Stored records:

------------

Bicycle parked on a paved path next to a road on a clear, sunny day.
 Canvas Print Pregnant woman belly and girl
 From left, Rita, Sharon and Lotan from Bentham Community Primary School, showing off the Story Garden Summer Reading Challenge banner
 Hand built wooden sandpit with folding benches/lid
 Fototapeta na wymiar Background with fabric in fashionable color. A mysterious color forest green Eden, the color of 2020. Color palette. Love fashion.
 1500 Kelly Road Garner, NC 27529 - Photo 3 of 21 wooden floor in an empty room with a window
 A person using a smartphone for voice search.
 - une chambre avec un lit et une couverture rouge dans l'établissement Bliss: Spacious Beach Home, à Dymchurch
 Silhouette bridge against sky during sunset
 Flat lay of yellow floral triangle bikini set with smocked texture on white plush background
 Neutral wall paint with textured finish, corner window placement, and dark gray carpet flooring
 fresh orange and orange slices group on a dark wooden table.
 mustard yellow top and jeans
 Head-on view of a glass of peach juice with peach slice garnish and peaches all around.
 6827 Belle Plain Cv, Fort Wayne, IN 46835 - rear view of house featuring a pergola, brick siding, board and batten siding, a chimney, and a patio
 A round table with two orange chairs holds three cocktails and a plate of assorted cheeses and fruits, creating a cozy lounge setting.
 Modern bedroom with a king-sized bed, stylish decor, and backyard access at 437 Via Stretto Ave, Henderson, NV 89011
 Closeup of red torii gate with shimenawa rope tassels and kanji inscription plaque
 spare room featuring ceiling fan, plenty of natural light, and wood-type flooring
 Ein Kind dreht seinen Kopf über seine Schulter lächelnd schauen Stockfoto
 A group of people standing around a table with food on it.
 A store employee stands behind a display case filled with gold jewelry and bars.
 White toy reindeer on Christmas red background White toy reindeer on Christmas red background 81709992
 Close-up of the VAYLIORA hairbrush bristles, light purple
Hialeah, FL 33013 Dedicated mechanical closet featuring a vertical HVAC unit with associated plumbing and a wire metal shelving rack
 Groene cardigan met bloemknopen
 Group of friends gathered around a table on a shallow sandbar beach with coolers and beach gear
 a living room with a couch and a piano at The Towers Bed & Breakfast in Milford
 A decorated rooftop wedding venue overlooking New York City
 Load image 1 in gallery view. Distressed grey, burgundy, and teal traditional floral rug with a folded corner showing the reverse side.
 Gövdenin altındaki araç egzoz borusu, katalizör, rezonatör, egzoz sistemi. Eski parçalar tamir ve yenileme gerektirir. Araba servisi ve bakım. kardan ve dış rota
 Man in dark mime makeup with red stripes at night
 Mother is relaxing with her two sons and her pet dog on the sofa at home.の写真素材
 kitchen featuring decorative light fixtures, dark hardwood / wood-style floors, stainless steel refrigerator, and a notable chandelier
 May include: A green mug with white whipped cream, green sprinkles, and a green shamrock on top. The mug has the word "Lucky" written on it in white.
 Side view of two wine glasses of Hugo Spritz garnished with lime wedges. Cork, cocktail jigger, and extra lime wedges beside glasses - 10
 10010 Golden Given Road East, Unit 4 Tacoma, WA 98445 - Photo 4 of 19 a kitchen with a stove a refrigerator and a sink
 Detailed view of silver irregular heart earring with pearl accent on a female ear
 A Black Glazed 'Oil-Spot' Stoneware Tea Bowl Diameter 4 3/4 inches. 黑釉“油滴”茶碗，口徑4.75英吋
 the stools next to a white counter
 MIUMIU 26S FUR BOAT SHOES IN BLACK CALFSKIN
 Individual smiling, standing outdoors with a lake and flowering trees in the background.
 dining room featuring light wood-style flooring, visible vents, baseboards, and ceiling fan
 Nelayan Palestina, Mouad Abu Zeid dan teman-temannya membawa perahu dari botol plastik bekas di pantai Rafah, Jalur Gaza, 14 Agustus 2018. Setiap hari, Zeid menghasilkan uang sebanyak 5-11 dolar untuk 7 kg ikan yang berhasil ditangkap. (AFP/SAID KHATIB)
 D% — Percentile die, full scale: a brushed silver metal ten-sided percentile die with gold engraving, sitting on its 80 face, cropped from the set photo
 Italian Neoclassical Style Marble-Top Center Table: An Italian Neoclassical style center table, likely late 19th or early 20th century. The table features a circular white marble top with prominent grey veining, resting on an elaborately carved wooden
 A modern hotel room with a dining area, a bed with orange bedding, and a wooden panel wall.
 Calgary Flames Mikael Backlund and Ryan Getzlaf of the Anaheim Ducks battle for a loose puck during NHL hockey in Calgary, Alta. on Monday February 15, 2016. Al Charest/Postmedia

------------

ABOUT THIS EXERCISE ▸ Keeping every word and mark as it is, print the entries above.

WRITTEN ANSWER ▸
Bicycle parked on a paved path next to a road on a clear, sunny day.
 Canvas Print Pregnant woman belly and girl
 From left, Rita, Sharon and Lotan from Bentham Community Primary School, showing off the Story Garden Summer Reading Challenge banner
 Hand built wooden sandpit with folding benches/lid
 Fototapeta na wymiar Background with fabric in fashionable color. A mysterious color forest green Eden, the color of 2020. Color palette. Love fashion.
 1500 Kelly Road Garner, NC 27529 - Photo 3 of 21 wooden floor in an empty room with a window
 A person using a smartphone for voice search.
 - une chambre avec un lit et une couverture rouge dans l'établissement Bliss: Spacious Beach Home, à Dymchurch
 Silhouette bridge against sky during sunset
 Flat lay of yellow floral triangle bikini set with smocked texture on white plush background
 Neutral wall paint with textured finish, corner window placement, and dark gray carpet flooring
 fresh orange and orange slices group on a dark wooden table.
 mustard yellow top and jeans
 Head-on view of a glass of peach juice with peach slice garnish and peaches all around.
 6827 Belle Plain Cv, Fort Wayne, IN 46835 - rear view of house featuring a pergola, brick siding, board and batten siding, a chimney, and a patio
 A round table with two orange chairs holds three cocktails and a plate of assorted cheeses and fruits, creating a cozy lounge setting.
 Modern bedroom with a king-sized bed, stylish decor, and backyard access at 437 Via Stretto Ave, Henderson, NV 89011
 Closeup of red torii gate with shimenawa rope tassels and kanji inscription plaque
 spare room featuring ceiling fan, plenty of natural light, and wood-type flooring
 Ein Kind dreht seinen Kopf über seine Schulter lächelnd schauen Stockfoto
 A group of people standing around a table with food on it.
 A store employee stands behind a display case filled with gold jewelry and bars.
 White toy reindeer on Christmas red background White toy reindeer on Christmas red background 81709992
 Close-up of the VAYLIORA hairbrush bristles, light purple
Hialeah, FL 33013 Dedicated mechanical closet featuring a vertical HVAC unit with associated plumbing and a wire metal shelving rack
 Groene cardigan met bloemknopen
 Group of friends gathered around a table on a shallow sandbar beach with coolers and beach gear
 a living room with a couch and a piano at The Towers Bed & Breakfast in Milford
 A decorated rooftop wedding venue overlooking New York City
 Load image 1 in gallery view. Distressed grey, burgundy, and teal traditional floral rug with a folded corner showing the reverse side.
 Gövdenin altındaki araç egzoz borusu, katalizör, rezonatör, egzoz sistemi. Eski parçalar tamir ve yenileme gerektirir. Araba servisi ve bakım. kardan ve dış rota
 Man in dark mime makeup with red stripes at night
 Mother is relaxing with her two sons and her pet dog on the sofa at home.の写真素材
 kitchen featuring decorative light fixtures, dark hardwood / wood-style floors, stainless steel refrigerator, and a notable chandelier
 May include: A green mug with white whipped cream, green sprinkles, and a green shamrock on top. The mug has the word "Lucky" written on it in white.
 Side view of two wine glasses of Hugo Spritz garnished with lime wedges. Cork, cocktail jigger, and extra lime wedges beside glasses - 10
 10010 Golden Given Road East, Unit 4 Tacoma, WA 98445 - Photo 4 of 19 a kitchen with a stove a refrigerator and a sink
 Detailed view of silver irregular heart earring with pearl accent on a female ear
 A Black Glazed 'Oil-Spot' Stoneware Tea Bowl Diameter 4 3/4 inches. 黑釉“油滴”茶碗，口徑4.75英吋
 the stools next to a white counter
 MIUMIU 26S FUR BOAT SHOES IN BLACK CALFSKIN
 Individual smiling, standing outdoors with a lake and flowering trees in the background.
 dining room featuring light wood-style flooring, visible vents, baseboards, and ceiling fan
 Nelayan Palestina, Mouad Abu Zeid dan teman-temannya membawa perahu dari botol plastik bekas di pantai Rafah, Jalur Gaza, 14 Agustus 2018. Setiap hari, Zeid menghasilkan uang sebanyak 5-11 dolar untuk 7 kg ikan yang berhasil ditangkap. (AFP/SAID KHATIB)
 D% — Percentile die, full scale: a brushed silver metal ten-sided percentile die with gold engraving, sitting on its 80 face, cropped from the set photo
 Italian Neoclassical Style Marble-Top Center Table: An Italian Neoclassical style center table, likely late 19th or early 20th century. The table features a circular white marble top with prominent grey veining, resting on an elaborately carved wooden
 A modern hotel room with a dining area, a bed with orange bedding, and a wooden panel wall.
 Calgary Flames Mikael Backlund and Ryan Getzlaf of the Anaheim Ducks battle for a loose puck during NHL hockey in Calgary, Alta. on Monday February 15, 2016. Al Charest/Postmedia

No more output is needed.